- The Washington Times - Thursday, April 28, 2005

Maryland Lt. Gov. Michael S. Steele is considered the Republican Party’s best hope for capturing the U.S. Senate seat being vacated by Paul S. Sarbanes — and he also is a coveted running mate for Gov. Robert L. Ehrlich Jr.

But Mr. Steele can’t run for both jobs.

The choice may be a personal crossroad for Mr. Steele, 46. And his decision could present a problem for the state’s Republican Party, which has struggled for relevance for more than 30 years and has few viable candidates now that two statewide offices are within reach, party insiders and political pundits say.

Party officials privately concede that they will be in a bind to field a contender for whichever race Mr. Steele forgoes, but they remain optimistic a strong candidate will emerge.

“The Republican bench is just very thin,” said Thomas F. Schaller, a political science professor at the University of Maryland, Baltimore County. “[But] it is far easier for them to fill the lieutenant governor spot than the Senate candidate spot.”

Mr. Schaller noted that Mr. Steele, a former state Republican Party chairman who had never run for office, was a virtual unknown when Mr. Ehrlich tapped him as his running mate. “Whoever Ehrlich picks becomes a made man in state politics, just like it gave Steele a statewide profile and a national profile because he’s black,” he said.

Mr. Steele, the first black elected to statewide office in Maryland, has enjoyed a dramatic rise to star status in the party.

Last year, he was awarded a prime-time speech at the Republican National Convention. This month, Mr. Steele — as a member of the U.S. delegation selected by President Bush — attended the installation ceremony for Pope Benedict XVI in Vatican City. The inclusion of Mr. Steele, who is Catholic, underscores the party’s ambitions for him.

“We are very hopeful that he runs [for Senate],” said Brian Nick, a spokesman for the Republican National Senatorial Committee. “It is only good for the Republicans … giving Maryland two top-tier races that will attract national attention.”

The Senate race would be a historic matchup if Mr. Steele faced Democratic candidate Kweisi Mfume, the former congressman and president of the National Association for the Advancement of Colored People, who has announced his candidacy. If elected, either man would be Maryland’s first black U.S. senator.

Rep. Benjamin L. Cardin of Baltimore on Tuesday announced his candidacy for the Democratic nomination for Mr. Sarbanes’ seat.

A. Robert Kaufman, a civic activist who has made several unsuccessful runs for office, also is a candidate for the nomination.

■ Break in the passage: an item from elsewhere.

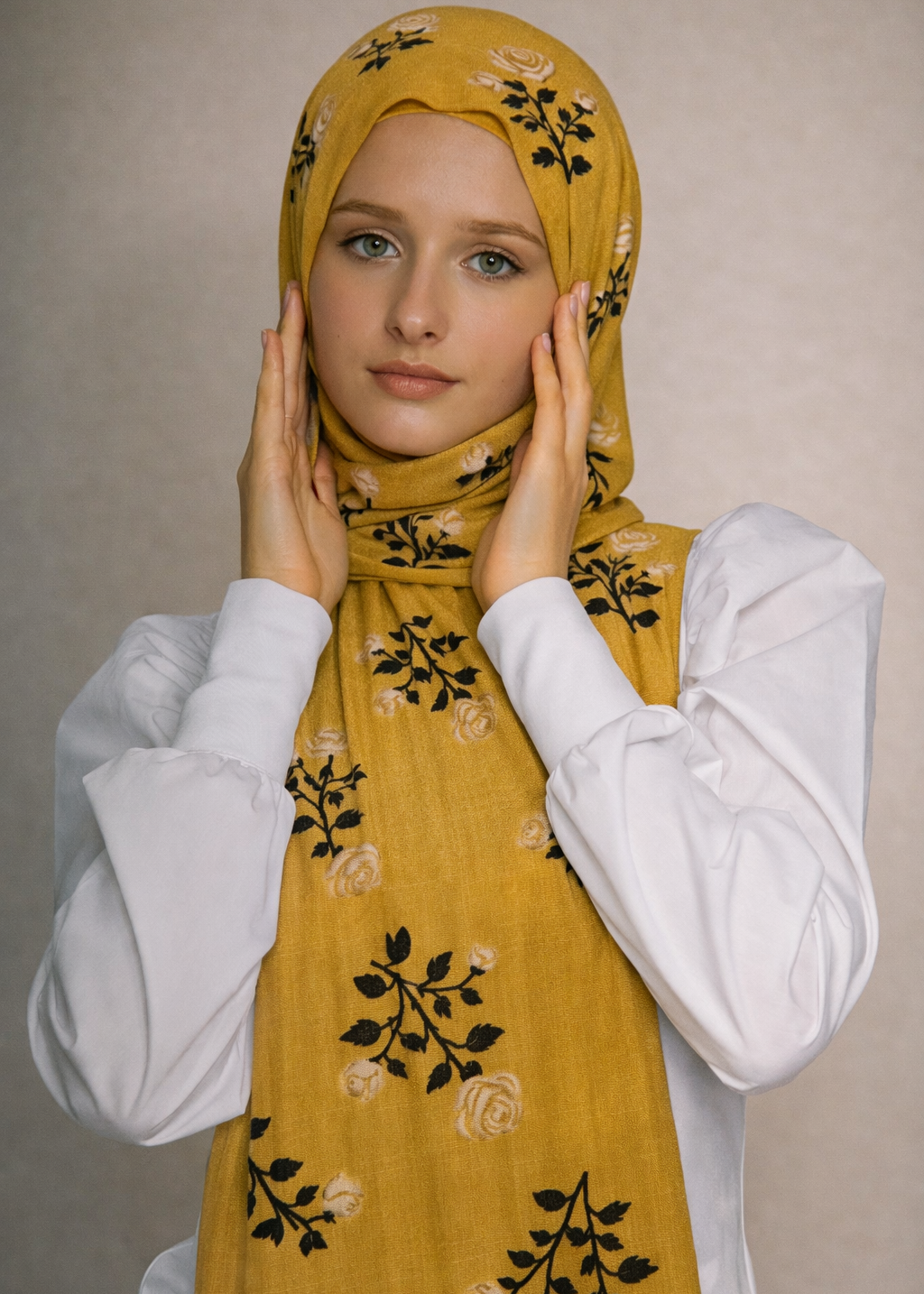 Lawn Block Print Hijab | Roses| Mustard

Other Democrats such as Rep. Chris Van Hollen of Montgomery County also are considering a run.

If Mr. Steele does not run, the alternative Senate candidate most frequently mentioned in Republican circles is state Sen. E.J. Pipkin.

The Eastern Shore Republican spent a large chunk of his personal Wall Street fortune last year in a failed challenge to Sen. Barbara A. Mikulski, a Democrat. He won 33.7 percent of the vote to Miss Mikulski’s 64.8 percent.

“There isn’t any candidate [besides Mr. Steele] with statewide name recognition, but that doesn’t mean someone won’t get out there and build it,” Mr. Pipkin said last week. “But it does take time and it does take money.”

Mr. Pipkin said he was seriously considering entering the race but was waiting for Mr. Steele to make his move. “The situation is very fluid, and it is changing daily,” Mr. Pipkin said.

Some less prominent Republicans named as potential candidates for both Senate and lieutenant governor include Harford County Executive James M. Harkins and Anne M. McCarthy, dean of the University of Baltimore’s Robert G. Merrick School of Business.